### DATASET:

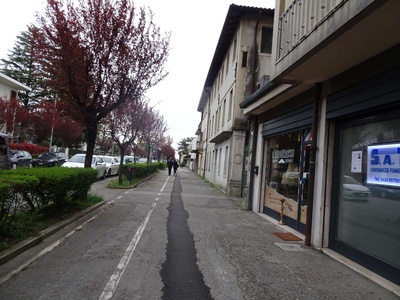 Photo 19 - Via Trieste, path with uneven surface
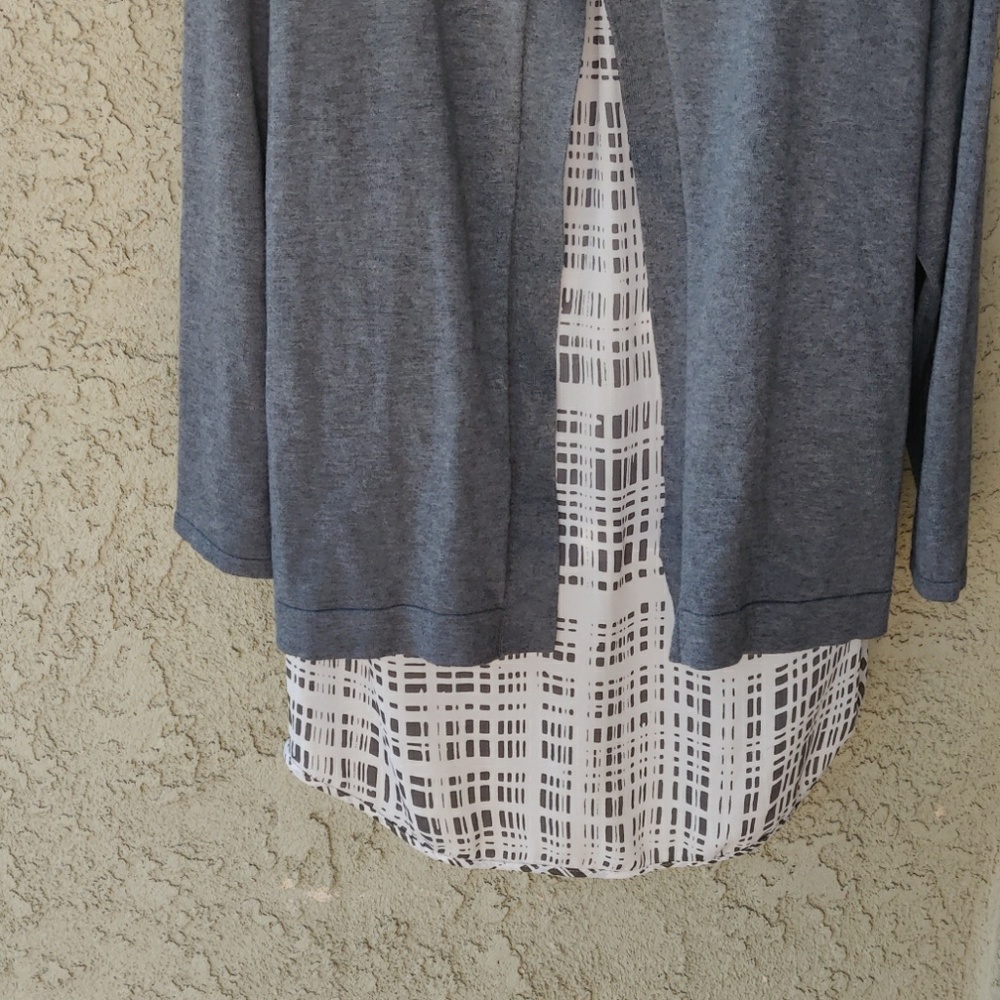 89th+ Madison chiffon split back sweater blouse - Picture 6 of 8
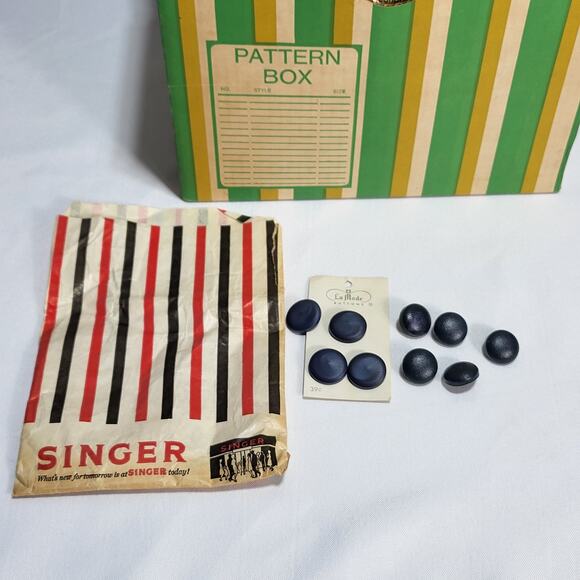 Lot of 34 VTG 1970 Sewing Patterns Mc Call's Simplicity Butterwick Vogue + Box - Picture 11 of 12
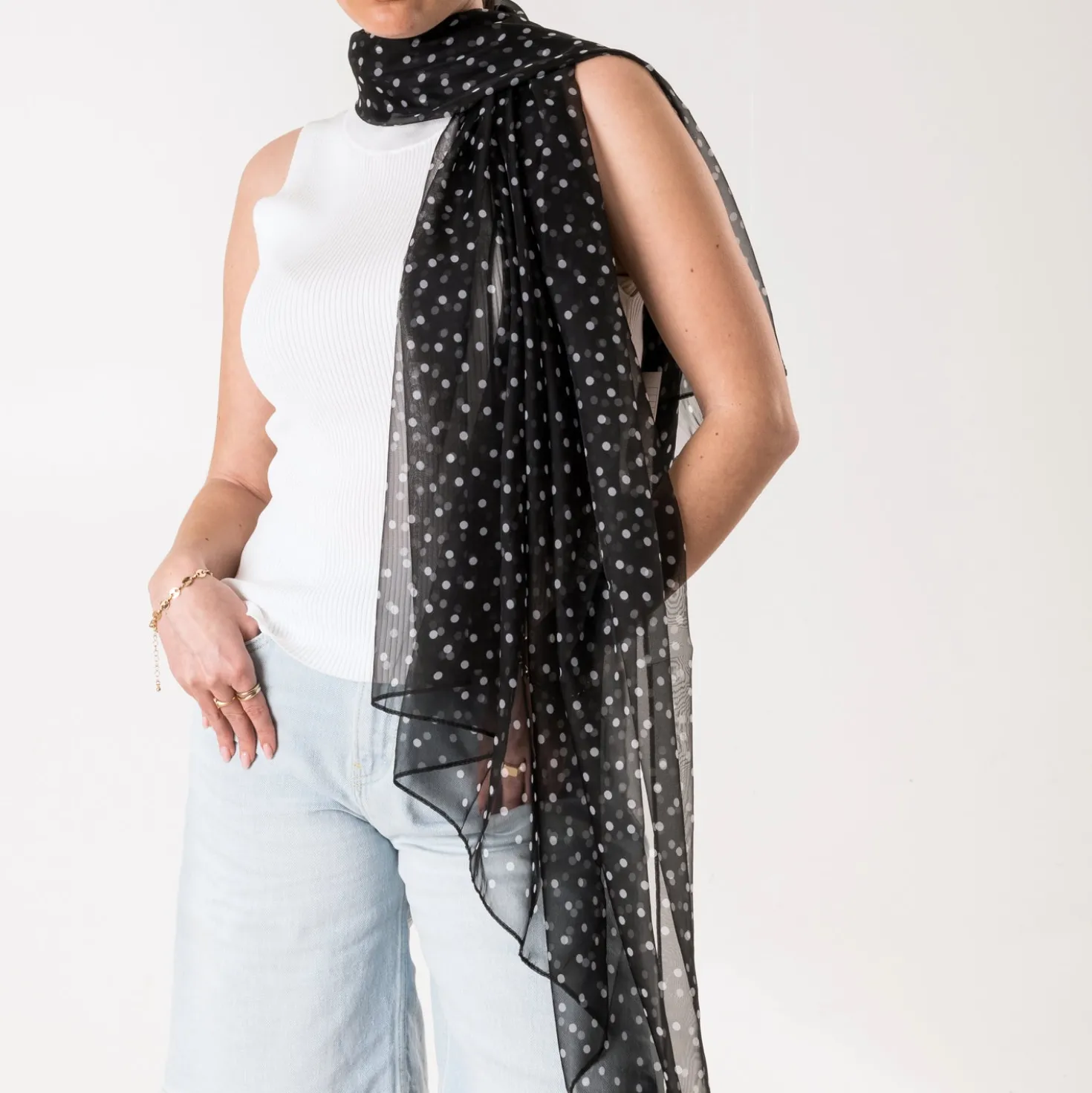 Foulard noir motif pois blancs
...
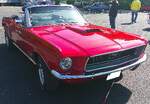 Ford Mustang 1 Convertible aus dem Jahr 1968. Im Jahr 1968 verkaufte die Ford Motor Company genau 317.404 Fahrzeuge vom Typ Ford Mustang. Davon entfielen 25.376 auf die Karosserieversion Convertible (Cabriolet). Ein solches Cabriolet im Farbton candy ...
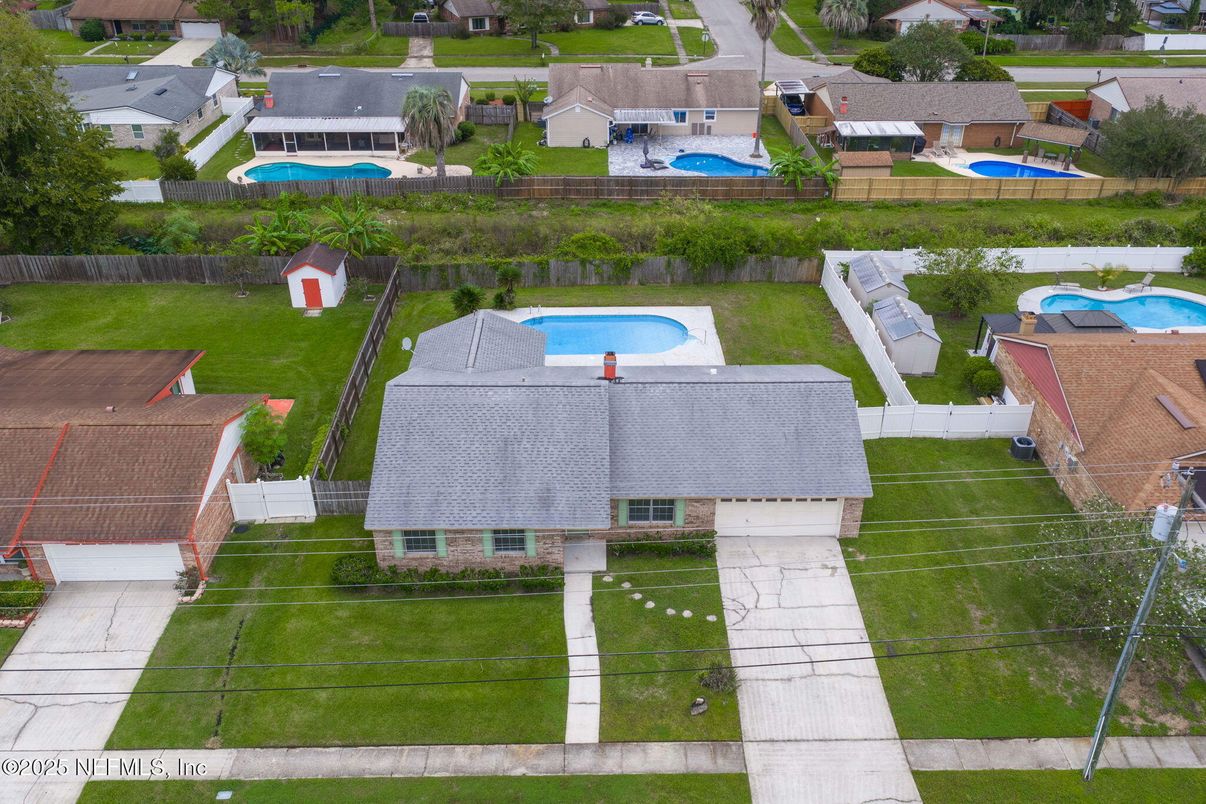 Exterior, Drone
==
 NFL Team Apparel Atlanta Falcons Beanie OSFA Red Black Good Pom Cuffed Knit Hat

### PROBLEM DETAILS:
From the records above, extract the lines from the one holding "Ford Mustang 1" through the one holding "Exterior, Drone", word for word; omit the pictures.

### RESPONSE TO THE TASK:
 Ford Mustang 1 Convertible aus dem Jahr 1968. Im Jahr 1968 verkaufte die Ford Motor Company genau 317.404 Fahrzeuge vom Typ Ford Mustang. Davon entfielen 25.376 auf die Karosserieversion Convertible (Cabriolet). Ein solches Cabriolet im Farbton candy ...
 Exterior, Drone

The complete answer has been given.